It turns out that Myget is a bit smarter than TeamCity when it comes to being a Nuget feed.

It expects you to upload both the normal package and the symbols package, and then it deals with all the fun stuff on the server. For example, it will automatically interpret and edit the PDB files to say that the source can be obtained from the Myget server, rather than from wherever the files were when it was compiled and packaged.

Our hacky solution to get Symbols and Source working when using TeamCity was getting in the way of a real product.

Luckily, this was an easy enough problem to solve while also still maintaining backwards compatibility.

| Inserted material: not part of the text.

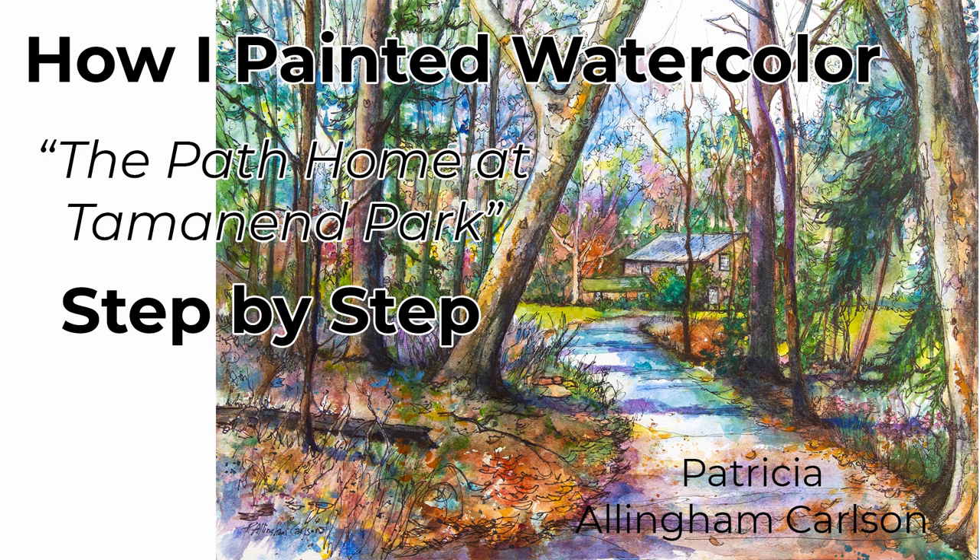Hi, I'm Patricia Allingham Carlson, and this is my painting, The Path Home at Tamanand Park. For this painting, I began very spontaneously spraying water, touching color in, and I started to pull out a structure of this lovely local park where we took a walk and I took a photograph. As the painting evolved, it began to need more structure than the watercolor was giving it, so I ended up doing an ink drawing on top of the watercolor. I hope you'll enjoy this demonstration and give it a thumbs up. Now let's paint.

Undo the hack that enforced the generation of a single output from Nuget (the renamed symbols package), upload both files correctly to Myget and then upload just a renamed symbols package to TeamCity separately.

Now anything that is still using TeamCity will keep working in the same way as it always was (manual location of source files as necessary) and all of the projects that have been upgraded to use our new Myget feed will automatically download both symbols and source files whenever its appropriate (assuming you have the correct symbol server setup in Visual Studio).

Conclusion

Being able to debug into the source files of any of your packages automatically is extremely useful, but more importantly, it provides a seamless experience to the developer, preventing the waste of time and focus that occurs when flow gets interrupted in order to deal with something somewhat orthogonal to the original task.

The other lesson learned (which I should honestly have engraved somewhere highly visible by now) is that hacked solutions always have side effects that you can’t foresee. Its one of those unfortunate facts of being a software developer.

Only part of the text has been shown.